Lauren, for example, remained close with her ex, Ryan, after she and Mike started dating. Although Lauren and Ryan couldn’t make their relationship work, they still enjoyed each other’s company and considered themselves friends. Lauren would talk to Mike about Ryan, and it upset Mike because he didn’t think it was appropriate for her to remain friends with an ex. In fact, Mike became so upset, he raised his voice and told Lauren that he wanted her to stop talking to Ryan altogether. Because Lauren loved Mike, she took his perspective into account and tried to avoid doing things with her ex. However, one day Ryan stopped by Lauren’s work unannounced and offered to take her out for lunch. Lauren went to lunch with Ryan because she wanted to catch up with her friend.

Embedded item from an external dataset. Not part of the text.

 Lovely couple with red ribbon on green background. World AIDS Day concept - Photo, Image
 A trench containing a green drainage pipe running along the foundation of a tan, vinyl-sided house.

Not only do people sometimes fail to live up to their partner’s expectations, but under certain circumstances, people often conceal what they’ve done. People sometimes conceal the truth because they are ashamed of their own behavior, or they want to avoid punishment, or they don’t want to hurt their partner’s feelings, or they simply don’t want to have a long, dragged-out conversation about the issue. For example, when Lauren occasionally sees Ryan, she conceals it from Mike because she feels bad about what she’s done; she doesn’t want to hurt Mike’s feelings; and she doesn’t want to spend hours talking about the issue with him.

When people fear that the truth might lead to a negative outcome, especially a partner’s disapproval and even punishment, telling the truth becomes a less attractive option. Fear is a powerful emotion—fear of hurting a partner’s feelings, fear of getting into trouble, and fear of damaging a relationship.